I could hear the metal music from the street. I didn’t bother knocking on the front door of the house, just slipped down the dark driveway to the source of the noise. I knocked on the door of the bungalow. No response. I opened the door and found Julian and Nishi, topless, pressed against the hallway wall.
‘Sorry!’ I shouted, and closed the door. My cheeks filled with blood in the darkness.
I could hear Julian laughing above the music, then the volume dropped and the door popped open.
‘About time,’ Julian said. ‘Ten minutes later and that could have been seriously embarrassing.’

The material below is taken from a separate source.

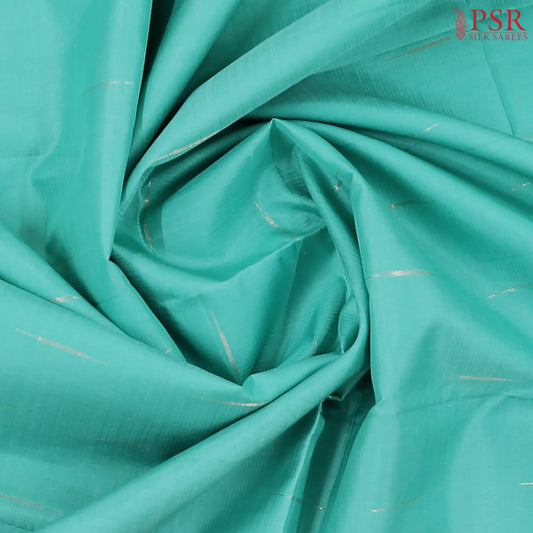 Turquoise Soft Silk Saree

‘Sorry . . . I can go . . .’
He grabbed my sleeve and dragged me inside. Nishi had dressed herself. She smiled and waved with three fingers as Julian dragged me to the bedroom and flicked on the light.
‘Tadaaaa!’ he sang.
The piles of garbage bags had gone. On the neatly made double bed lay my hiking pack, lumpy with gear. I stopped breathing.
‘Tadaaaa!’ he sang again.
‘How did you . . . ? Where did . . . ?’
‘I came past the bowling alley after work yesterday and saw a kid climbing in through your front door and I followed him in. Turned out he and a mate were robbing you so I turned all LAPD on their arses and told them to drop everything and leave. The big one got a bit lippy so I may have smacked him. There was a bit of blood. He went running home for Mummy.’
My lungs wouldn’t fill. Tears barged at the back of my eyes. I wanted to scream. I wanted to punch a wall or spew my guts out or something. I needed air. I slammed into the doorframe on my way to the yard.
Nishi arrived barefoot beside me a few seconds later.